# For Sale: Lightly used Fischer Progressor 9+ - 165cm



## TheArchitect (Aug 25, 2013)

I have a pair of lightly used Fischer Progressor 9+ 165cm skis up for sale.  i purchased these new at the end of the 2010/2011 season and skied them 6 days during 2011/2012.  At the end of that season I picked up a pair of Kastle MX88's and the Fischers have been unused since.  It's time for them to go to someone who will actually use them.

I'm asking $325 plus shipping because of the light use but am willing to listen to offers.  I'd like to avoid shipping so if the buyer is in NE I'm willing to drive halfway to meet.  I'm in metrowest MA.  I accept cash only for an in-person transaction.  If I'm shipping then payment will be via Paypal, with 3% added unless you use the gift option.  I have excellent feedback on Ebay (username: erdric_c)





Full Front by The-Architect, on Flickr




Tips by The-Architect, on Flickr




Tails by The-Architect, on Flickr




Bases by The-Architect, on Flickr




Bindings by The-Architect, on Flickr


----------



## ScottySkis (Aug 25, 2013)

Those look nice, how many times used?


----------



## TheArchitect (Aug 25, 2013)

I used them 6 days.  I never get to ski as much as I'd like.  Anyway, they have some minor scuffs but in general are in excellent condition.


----------



## ScottySkis (Aug 25, 2013)

TheArchitect said:


> I used them 6 days.  I never get to ski as much as I'd like.  Anyway, they have some minor scuffs but in general are in excellent condition.



I sent a link to my cousin, he needs used skis, he on vacation now, hopefully I hear from him soon.


----------



## TheArchitect (Aug 25, 2013)

Sounds good.  Let me know when you hear from him.


----------



## mriceyman (Aug 25, 2013)

I really need a pair for groomer days...youre just a hike from me... have any idea what shipping would be to 07726


----------



## TheArchitect (Aug 26, 2013)

mriceyman said:


> I really need a pair for groomer days...youre just a hike from me... have any idea what shipping would be to 07726



I don't know but will check


----------



## TheArchitect (Aug 26, 2013)

mriceyman said:


> I really need a pair for groomer days...youre just a hike from me... have any idea what shipping would be to 07726



 The USPS, UPS and FedEx shipping calculators all put Ground shipping at between $25-35.  I'd probably want to use FedEx or USPS Priority because my local UPS store always charges me more than the calculator and it's usually a good amount more.  I'm estimating with packaging it's somewhere between 10-15 lbs.  Package size of 6' x 8" x 8".  I'm willing to drive to southwest CT if shipping is an issue.
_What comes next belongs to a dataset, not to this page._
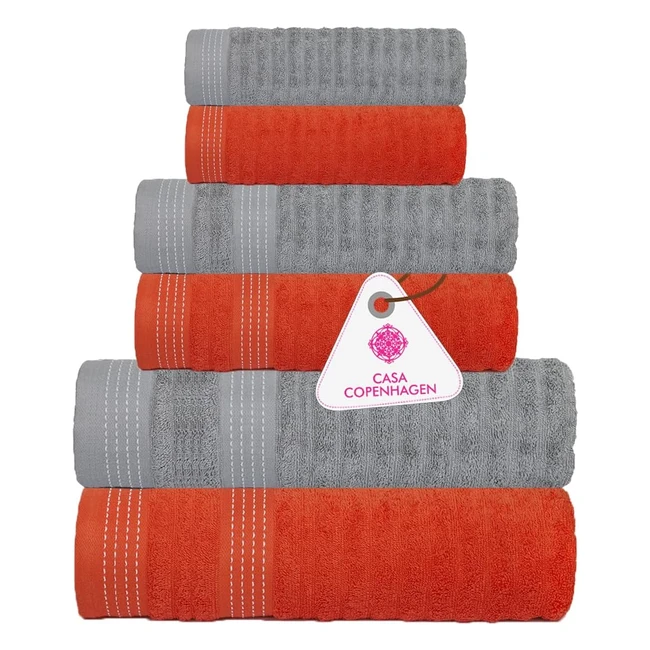 Ensemble de serviettes élégance Casa Copenhagen 550gm en coton égyptien pour hôtel spa cuisine et salle de bain - 6 pièces avec 2 baig 2 mains 2 dbarbouillettes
FYI, I'm still waiting to hear back from Scotty on whether he wants the skis for his cousin.  If that doesn't work out then they're yours if you want them.


----------



## mriceyman (Aug 26, 2013)

Ok no problem.. Im from c nj so it would be a cheaper to ship anyway.. Let me know what scotty says


Sent from my iPhone


----------



## TheArchitect (Aug 26, 2013)

mriceyman, I just sent you a PM.


----------



## mriceyman (Aug 26, 2013)

Ill let u know asap


Sent from my iPhone


----------



## wa-loaf (Aug 26, 2013)

I shipped a pair of skies a couple years ago and it was $50+.


----------



## TheArchitect (Aug 26, 2013)

Hopefully the shipping calculators aren't too off.  I've read there is an 'oversized' package fee but I think mine would be under that threshold.

BTW, do you remember where you got your shipping box for the skis?  Everything I've found online is sold as a bundle.


----------



## wa-loaf (Aug 26, 2013)

TheArchitect said:


> Hopefully the shipping calculators aren't too off.  I've read there is an 'oversized' package fee but I think mine would be under that threshold.
> 
> BTW, do you remember where you got your shipping box for the skis?  Everything I've found online is sold as a bundle.



I reused a box I had from a different set of skis that were shipped to me. Might want to check the local ski shop.


----------



## TheArchitect (Aug 26, 2013)

I hadn't thought of that.  Thanks.


----------



## TheArchitect (Aug 31, 2013)

Skis are available again.  I'll be posting on Ebay shortly.


----------



## bigbog (Aug 31, 2013)

Pardon the minor sales hijack Architect.........how's the edgegrip on those Kastles?


----------



## TheArchitect (Aug 31, 2013)

bigbog said:


> Pardon the minor sales hijack Architect.........how's the edgegrip on those Kastles?



I consider it excellent.  It's not 'locked in on rails' like the Progessors, though.


----------